But that may actually be moot because, according to Arum, Cotto was in fact offered $13ish million.
"No. 1, I never once talked to Cotto about the fight with Pacquiao," Arum said. "I talked to [Cotto attorney and adviser] Gaby [Penagaricano] and he was supposed to relay everything to Miguel. So now the first thing I establish was is Miguel amenable to 150 pounds? And the word came back that if we could agree on the [financial] numbers, he would agree to 150.

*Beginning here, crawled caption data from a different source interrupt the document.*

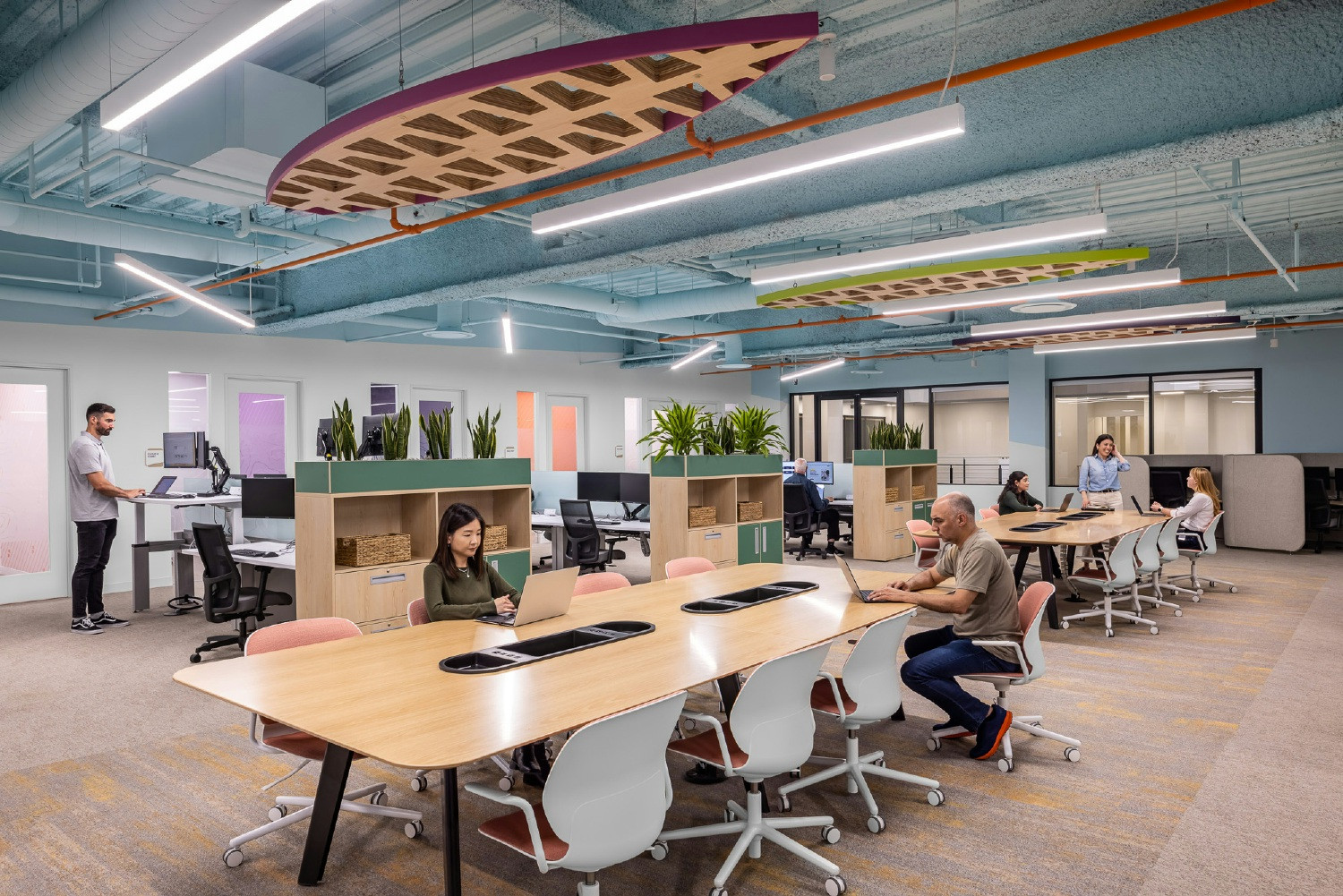 Seismic employees working in our San Diego office's library, a quiet place to work or take a break.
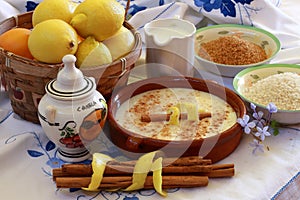 Composition with rice pudding ingredients on embroidered tablecloth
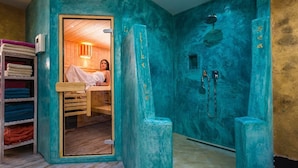 Une chambre avec un lit en bois, une porte en verre donnant sur une salle de bain équipée d’une douche et de deux robinets.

"Then we started talking about a proposal and, in essence, I offered him a deal based on the last fight that he had done with Pacquiao, where he wound up making like $12 million after all of the pay-per-view money. And then we further negotiated that he would make another million dollars more, so we loaded up a deal where I guaranteed $9 million plus an upside that would have gotten him to $13 million if the fight had done the same [PPV] number as the first fight [which was about 1.15 million buys]. And then we figured out that if we were able to raise that number by a couple of hundred thousand homes, which was not out of the question, that he would then make about $15 million."
So, who is telling the truth? It’s impossible to say. Arum’s ability to twist facts is a matter of public record. Along the lines – attorneys/boxing advisors aren’t exactly known for being beacons of truth and righteousness, so who knows what Gaby Penagaricano did or did not pass along.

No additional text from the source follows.